The "-fstack-usage" output from the previous discussion is suspicious somehow, because even 10 pointers should be 80 bytes. Is this array statically or stack allocated.
I enabled -fstack-check and it didn't crash. Really suspicious.

@LtG
What exactly to look for? I managed to disassemble all the code and .rodata .text tables.
OS: Basic OS
About: 32 Bit Monolithic Kernel Written in C++ and Assembly, Custom FAT 32 Bootloader
LtG
Member
Member
Posts: 384
Joined: Thu Aug 13, 2015 4:57 pm

Re: Undefined Array Triple Fault

Post by LtG »

Post your linker.ld and the disassembled code that is responsible for the triple-fault. Or in the case of 10 vs 10k check for the difference in the disassembly and post that too. You could also post the relevant pieces of readelf or if it's not too big maybe "readelf -a" to post all of it.

Obviously, you are using a proper cross-compiler, right?
User avatar
Octacone
Member
Member
Posts: 1138
Joined: Fri Aug 07, 2015 6:13 am

Re: Undefined Array Triple Fault

Post by Octacone »

LtG wrote:Post your linker.ld and the disassembled code that is responsible for the triple-fault. Or in the case of 10 vs 10k check for the difference in the disassembly and post that too. You could also post the relevant pieces of readelf or if it's not too big maybe "readelf -a" to post all of it.

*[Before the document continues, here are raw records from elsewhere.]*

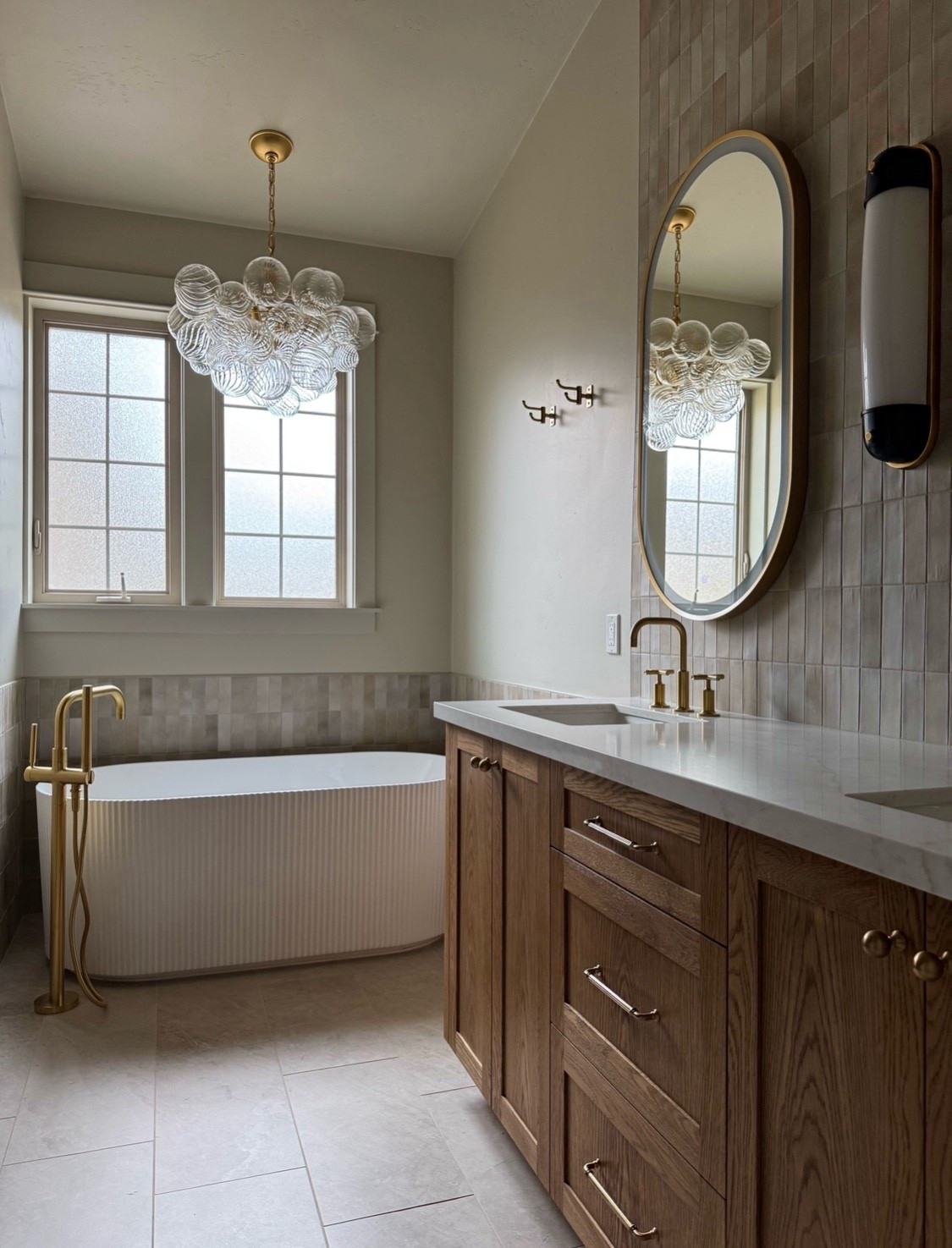 Widgi creek retreat primary bathroom remodel: material details.
Reeded cabinet pulls
Fluted free standing bathtub 
Oval mirror 
Bathroom light fixtures
Floor mount tub filler 
Adjustable towel hooks 
Neutral bathroom tile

Obviously, you are using a proper cross-compiler, right?
Sure, I am using a proper cross-compiler.

Here is my Linker.ld:

Code: Select all

ENTRY(Bootloader_Main)
OUTPUT_FORMAT(elf32-i386)

SECTIONS
{
	. = 1M;
	kernel_start = .; _kernel_start = .; __kernel_start = .;
	.text BLOCK(4K) : ALIGN(4K)
	{
		*(.multiboot)
		*(.text)
		*(.rodata)
	}
	.data BLOCK(4K) : ALIGN(4K)
	{
		start_constructors  = .;
		*(.ctor*)
      KEEP(*(.init_array));
      KEEP(*(SORT_BY_INIT_PRIORITY(.init_array.*)));
      end_constructors = .;
		*(.data)
	}
	.bss BLOCK(4K) : ALIGN(4K)
	{
		*(COMMON)
		*(.bss)
	}
	kernel_end = .; _kernel_end = .; __kernel_end = .;
	/DISCARD/ : 
	{ 
		*(.fini_array*)
		*(.comment)
	}
}
I don't know about posting 500000 lines of code in here. That is kind of a lot.
Since command_list variable is causing this, let me post that maybe?

Code: Select all

 <3><1723>: Abbrev Number: 7 (DW_TAG_member)
    <1724>   DW_AT_name        : (indirect string, offset: 0xbb2): command_list
    <1728>   DW_AT_decl_file   : 21
    <1729>   DW_AT_decl_line   : 23
    <172a>   DW_AT_type        : <0x1b9d>
    <172e>   DW_AT_data_member_location: 0
 <3><8f28>: Abbrev Number: 7 (DW_TAG_member)
    <8f29>   DW_AT_name        : (indirect string, offset: 0xbb2): command_list
    <8f2d>   DW_AT_decl_file   : 7
    <8f2e>   DW_AT_decl_line   : 23
    <8f2f>   DW_AT_type        : <0x93c9>
    <8f33>   DW_AT_data_member_location: 0
 <3><d1c8>: Abbrev Number: 7 (DW_TAG_member)
    <d1c9>   DW_AT_name        : (indirect string, offset: 0xbb2): command_list
    <d1cd>   DW_AT_decl_file   : 8
    <d1ce>   DW_AT_decl_line   : 23
    <d1cf>   DW_AT_type        : <0xd3c5>
    <d1d3>   DW_AT_data_member_location: 0
This is from read elf -w -s don't quite remember.
Read elf reports no read only data, what?
What is the exact command you want me to run?
OS: Basic OS
About: 32 Bit Monolithic Kernel Written in C++ and Assembly, Custom FAT 32 Bootloader
LtG
Member
Member
Posts: 384
Joined: Thu Aug 13, 2015 4:57 pm

Re: Undefined Array Triple Fault

Post by LtG »

Readelf -a produces 500k lines? or 500?

I was mainly interested in the section and program headers (-a prints them among the first things). And I was interested to see the difference between the triple-fault 10 vs non-triple-fault 10k.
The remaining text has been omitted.